And this is one of those timeless moments. Something real, something urgent, something important is happening.
The human race is fumbling toward the light through outer darkness; and there is a feeling here of movement, of genuine wonder. The sense of isolation dissipates.
The press briefing is held half an hour earlier than expected and the room is jammed to the walls. A full-size replica of the Voyager bird dominates the left side of the briefing auditorium. The television networks have their Martian war-machine cameras ranged across the rear of the seating area behind the press representatives from major news outlets and, seemingly, from every Podunk Gazette in the country. Snatches of conversations in French, German, Japanese. The planet Earth is gathered here to know!
The recap of the previous day’s findings leaves mouths gaping. They have discovered something on Tethys. Is it a crater? No, the albedo indicates it’s a hill. The NASA spokesman calls it “a heck of a hill”—hundreds of kilometers across. But only time and greater resolution of the photographs will tell.
Brad Smith, leader of the imaging science team, cannot conceal his amazement as he reports that at least two eccentric rings have been found in the mass of circulars casting their shadow on Saturn’s cloud-masses. He says they had no reason to expect such a thing, that it defies all the known laws of ring mechanics. What he doesn’t say is that if every Bible Belt fundamentalist who believes we never actually went to the Moon, that we flew over to Glendale and shot all that stuff in a movie studio, could be here, to see what these people are doing, what is being sent back minute by minute over a distance of 930,000,000 miles, they might begin to understand that God was too busy creating esthetics to worry about putting the solar system together.
It is all so complex, so bewilderingly intricate, even the best minds in the room are finding it difficult to keep up with the new discoveries:
The rings, for instance.
A constant revelation. They simply don’t know what keeps the rings separated. General knowledge, since the Dutch mathematician Christian Huygens discovered the true shape of the rings in 1659, has contended that—at most—there were five. (The state of our knowledge, and the breakneck acceleration in what we’ve learned, is expressed in this absolutely latest-thinking from THE WORLD WE LIVE IN [1955], edited not only by the staff of Life magazine, but by the renowned author of THE UNIVERSE AND DR. EINSTEIN, Lincoln Barnett: “Although Saturn’s three concentric rings rotate in a circle 171,000 miles across, they are only a few inches thick.
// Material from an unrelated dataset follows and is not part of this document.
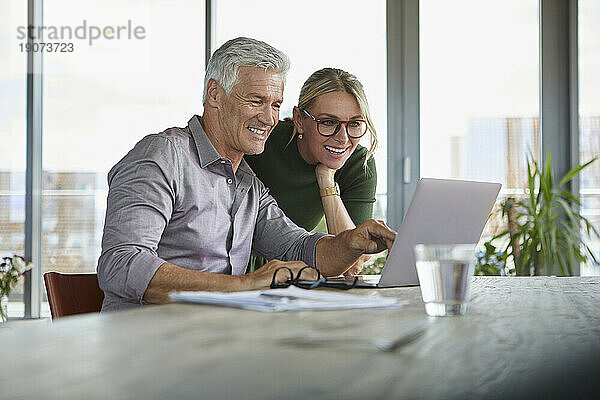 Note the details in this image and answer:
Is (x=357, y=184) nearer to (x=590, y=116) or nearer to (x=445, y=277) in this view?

The middle ring, largest and brightest of the three, is 16,000 miles wide and separated from the outer by a 2000-mile gap.” That latest-state-of-the-art in 1955 was a caption accompanying a Chesley Bonestell painting of Saturn’s three rings.)
As of this November 18th the Voyager team has isolated almost 1000 rings; and the estimates go as high as 10,000. The rings have rings; the rings’ rings have rings; and the rings’ rings rings have ringlets.
But what keeps them separated…?
The NASA News backgrounder on the mission, dated just October 28th, says this: “At least six rings surround Saturn. From the planet outward they are designated D, C, B, A, F and E. Divisions between the rings are believed to be caused by the three innermost satellites, Mimas, Enceladus and Tethys. The Cassini Division, a space between the B and the A ring, is the only division clearly visible with a small telescope from Earth.”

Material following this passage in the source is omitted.